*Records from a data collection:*
————————
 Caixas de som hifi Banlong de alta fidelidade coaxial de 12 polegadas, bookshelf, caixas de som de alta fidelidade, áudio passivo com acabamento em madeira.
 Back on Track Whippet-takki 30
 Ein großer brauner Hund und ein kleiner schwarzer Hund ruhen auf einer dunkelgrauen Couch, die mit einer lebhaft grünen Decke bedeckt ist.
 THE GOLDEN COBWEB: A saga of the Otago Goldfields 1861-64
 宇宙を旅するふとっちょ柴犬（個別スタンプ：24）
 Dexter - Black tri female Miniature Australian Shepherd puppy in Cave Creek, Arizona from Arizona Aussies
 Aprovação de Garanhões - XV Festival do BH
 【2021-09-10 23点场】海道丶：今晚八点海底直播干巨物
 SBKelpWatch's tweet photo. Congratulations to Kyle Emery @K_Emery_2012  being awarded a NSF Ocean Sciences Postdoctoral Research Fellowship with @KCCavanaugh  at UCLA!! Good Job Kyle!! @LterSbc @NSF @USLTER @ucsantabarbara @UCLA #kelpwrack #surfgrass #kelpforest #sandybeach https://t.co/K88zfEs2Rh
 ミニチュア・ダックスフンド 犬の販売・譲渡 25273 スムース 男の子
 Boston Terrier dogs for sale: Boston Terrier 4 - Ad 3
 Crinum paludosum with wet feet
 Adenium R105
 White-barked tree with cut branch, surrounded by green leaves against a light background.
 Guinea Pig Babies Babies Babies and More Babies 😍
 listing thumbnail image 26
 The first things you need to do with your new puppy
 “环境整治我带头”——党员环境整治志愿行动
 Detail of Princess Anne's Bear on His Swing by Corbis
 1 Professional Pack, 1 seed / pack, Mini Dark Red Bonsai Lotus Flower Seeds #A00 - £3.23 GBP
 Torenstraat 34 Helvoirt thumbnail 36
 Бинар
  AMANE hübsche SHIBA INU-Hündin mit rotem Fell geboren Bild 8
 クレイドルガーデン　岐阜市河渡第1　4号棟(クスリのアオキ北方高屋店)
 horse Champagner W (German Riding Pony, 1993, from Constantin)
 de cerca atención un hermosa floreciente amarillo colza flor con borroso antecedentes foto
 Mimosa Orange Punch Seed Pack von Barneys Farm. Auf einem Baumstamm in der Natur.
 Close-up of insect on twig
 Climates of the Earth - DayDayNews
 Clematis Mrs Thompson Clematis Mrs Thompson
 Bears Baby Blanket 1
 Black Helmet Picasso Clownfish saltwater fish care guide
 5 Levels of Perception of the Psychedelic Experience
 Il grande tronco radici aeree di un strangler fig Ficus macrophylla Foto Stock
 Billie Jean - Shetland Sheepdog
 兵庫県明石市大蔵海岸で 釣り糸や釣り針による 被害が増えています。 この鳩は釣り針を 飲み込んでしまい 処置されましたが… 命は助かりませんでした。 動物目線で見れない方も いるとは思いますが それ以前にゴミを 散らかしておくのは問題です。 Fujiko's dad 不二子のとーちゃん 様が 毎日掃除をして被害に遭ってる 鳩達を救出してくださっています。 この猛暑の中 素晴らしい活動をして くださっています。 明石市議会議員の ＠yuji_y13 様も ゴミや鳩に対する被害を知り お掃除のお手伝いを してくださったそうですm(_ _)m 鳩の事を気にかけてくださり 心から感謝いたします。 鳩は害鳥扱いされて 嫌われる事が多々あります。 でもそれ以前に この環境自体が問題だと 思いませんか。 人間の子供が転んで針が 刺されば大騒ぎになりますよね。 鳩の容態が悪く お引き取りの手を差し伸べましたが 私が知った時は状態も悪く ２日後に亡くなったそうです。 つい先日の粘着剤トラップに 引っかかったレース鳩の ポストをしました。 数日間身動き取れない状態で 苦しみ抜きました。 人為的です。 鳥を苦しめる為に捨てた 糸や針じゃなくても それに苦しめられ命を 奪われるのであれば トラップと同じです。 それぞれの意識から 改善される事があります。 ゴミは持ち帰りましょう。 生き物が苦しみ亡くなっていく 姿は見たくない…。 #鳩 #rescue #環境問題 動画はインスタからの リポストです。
————————
*EXERCISE INSTRUCTIONS:* Having found the line with "クレイドルガーデン　岐阜市河渡第1　4号棟(クスリのアオキ北方高屋店)", transcribe it and each line after it to the end of the entries, with no other lines.

*ANSWER TO THIS PROBLEM:*
 クレイドルガーデン　岐阜市河渡第1　4号棟(クスリのアオキ北方高屋店)
 horse Champagner W (German Riding Pony, 1993, from Constantin)
 de cerca atención un hermosa floreciente amarillo colza flor con borroso antecedentes foto
 Mimosa Orange Punch Seed Pack von Barneys Farm. Auf einem Baumstamm in der Natur.
 Close-up of insect on twig
 Climates of the Earth - DayDayNews
 Clematis Mrs Thompson Clematis Mrs Thompson
 Bears Baby Blanket 1
 Black Helmet Picasso Clownfish saltwater fish care guide
 5 Levels of Perception of the Psychedelic Experience
 Il grande tronco radici aeree di un strangler fig Ficus macrophylla Foto Stock
 Billie Jean - Shetland Sheepdog
 兵庫県明石市大蔵海岸で 釣り糸や釣り針による 被害が増えています。 この鳩は釣り針を 飲み込んでしまい 処置されましたが… 命は助かりませんでした。 動物目線で見れない方も いるとは思いますが それ以前にゴミを 散らかしておくのは問題です。 Fujiko's dad 不二子のとーちゃん 様が 毎日掃除をして被害に遭ってる 鳩達を救出してくださっています。 この猛暑の中 素晴らしい活動をして くださっています。 明石市議会議員の ＠yuji_y13 様も ゴミや鳩に対する被害を知り お掃除のお手伝いを してくださったそうですm(_ _)m 鳩の事を気にかけてくださり 心から感謝いたします。 鳩は害鳥扱いされて 嫌われる事が多々あります。 でもそれ以前に この環境自体が問題だと 思いませんか。 人間の子供が転んで針が 刺されば大騒ぎになりますよね。 鳩の容態が悪く お引き取りの手を差し伸べましたが 私が知った時は状態も悪く ２日後に亡くなったそうです。 つい先日の粘着剤トラップに 引っかかったレース鳩の ポストをしました。 数日間身動き取れない状態で 苦しみ抜きました。 人為的です。 鳥を苦しめる為に捨てた 糸や針じゃなくても それに苦しめられ命を 奪われるのであれば トラップと同じです。 それぞれの意識から 改善される事があります。 ゴミは持ち帰りましょう。 生き物が苦しみ亡くなっていく 姿は見たくない…。 #鳩 #rescue #環境問題 動画はインスタからの リポストです。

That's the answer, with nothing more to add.